** RECORD SET follows **
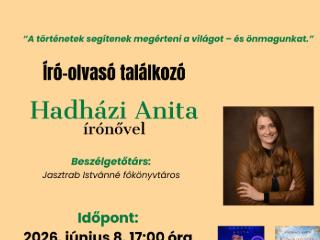 �r�-olvas� tal�lkoz� Hadh�zi Anita �r�n�vel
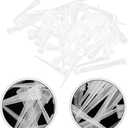 Milisten Floral Stem Water Tubes 50 Pcs Clear Plastic Flower Vials with Pointed Tips for Fresh and Artificial Flowers Arrangements Craft Supplies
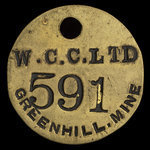 Canada, Western Canadian Collieries (W.C.C.) Limited, aucune dénomination <br /> 30 avril 1957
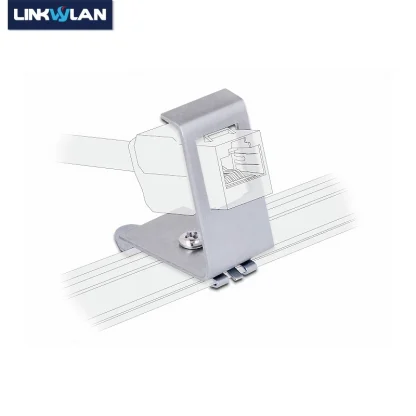 RJ45 1-Port Keystone Jack Holder for DIN Rail Electrical Distribution Box - Metal Mounting Adapter Product Image #10203 With The Dimensions of 800 Width x 800 Height Pixels. The Product Is Located In The Category Names Computer & Office → Computer Cables & Connectors
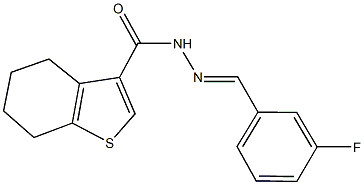 N'-(3-fluorobenzylidene)-4,5,6,7-tetrahydro-1-benzothiophene-3-carbohydrazide Structure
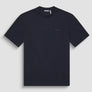 T-SHIRT RELAXED FIT DE PUNTO DE ALGODÓN PURO CON ESTAMPADO MINIMALISTA Y LOGOTIPO EN LA PARTE TRASERA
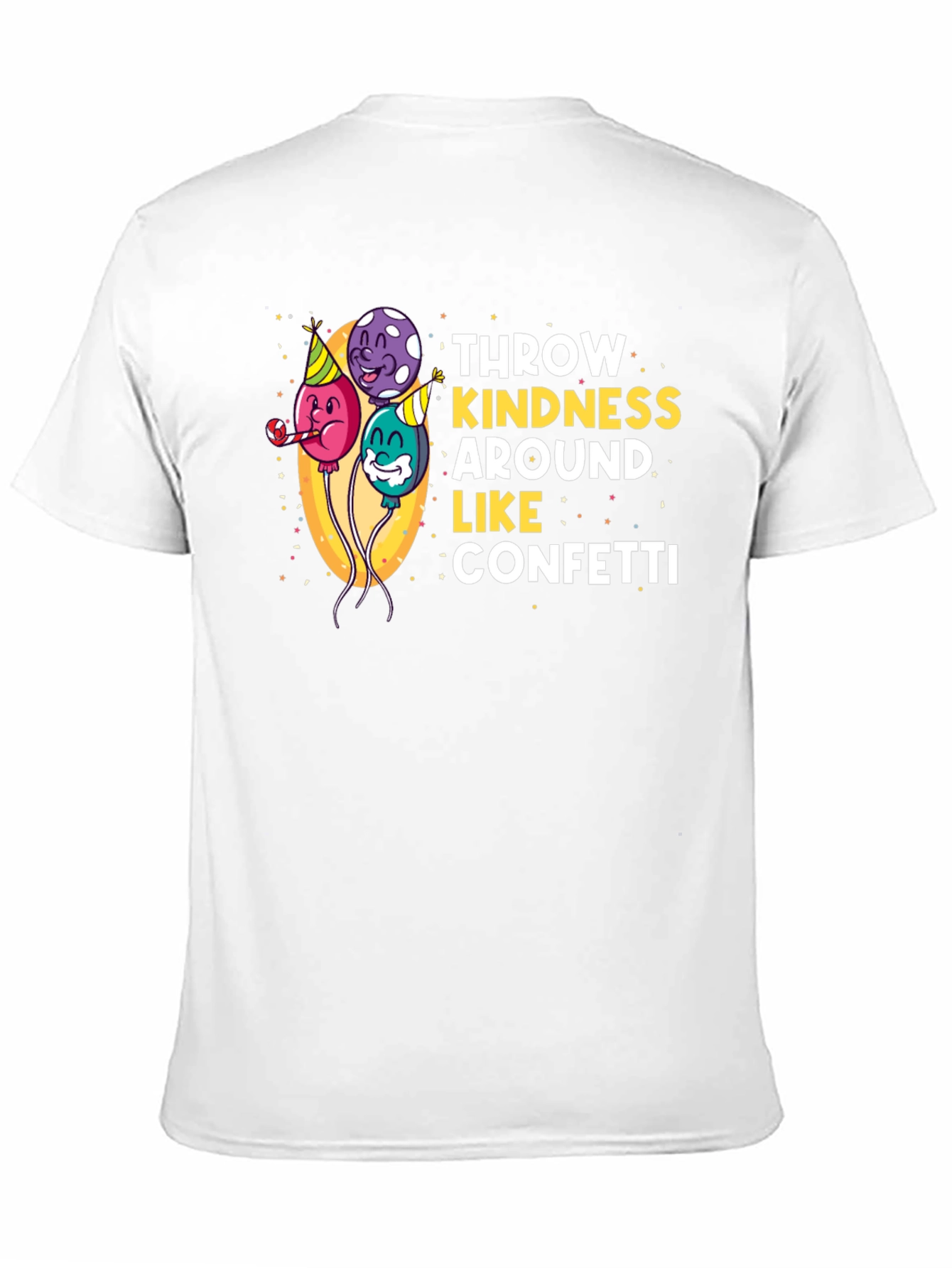 Black Throw Kindness Like Confetti Graphic Tee view 11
** End of RECORD SET **
### EXERCISE OBJECTIVE
Print exactly the lines above that run from the one with "Canada, Western Canadian" to the one with "T-SHIRT RELAXED FIT", both included. No pictures.

### PROBLEM SOLUTION
 Canada, Western Canadian Collieries (W.C.C.) Limited, aucune dénomination <br /> 30 avril 1957
 RJ45 1-Port Keystone Jack Holder for DIN Rail Electrical Distribution Box - Metal Mounting Adapter Product Image #10203 With The Dimensions of 800 Width x 800 Height Pixels. The Product Is Located In The Category Names Computer & Office → Computer Cables & Connectors
 N'-(3-fluorobenzylidene)-4,5,6,7-tetrahydro-1-benzothiophene-3-carbohydrazide Structure
 T-SHIRT RELAXED FIT DE PUNTO DE ALGODÓN PURO CON ESTAMPADO MINIMALISTA Y LOGOTIPO EN LA PARTE TRASERA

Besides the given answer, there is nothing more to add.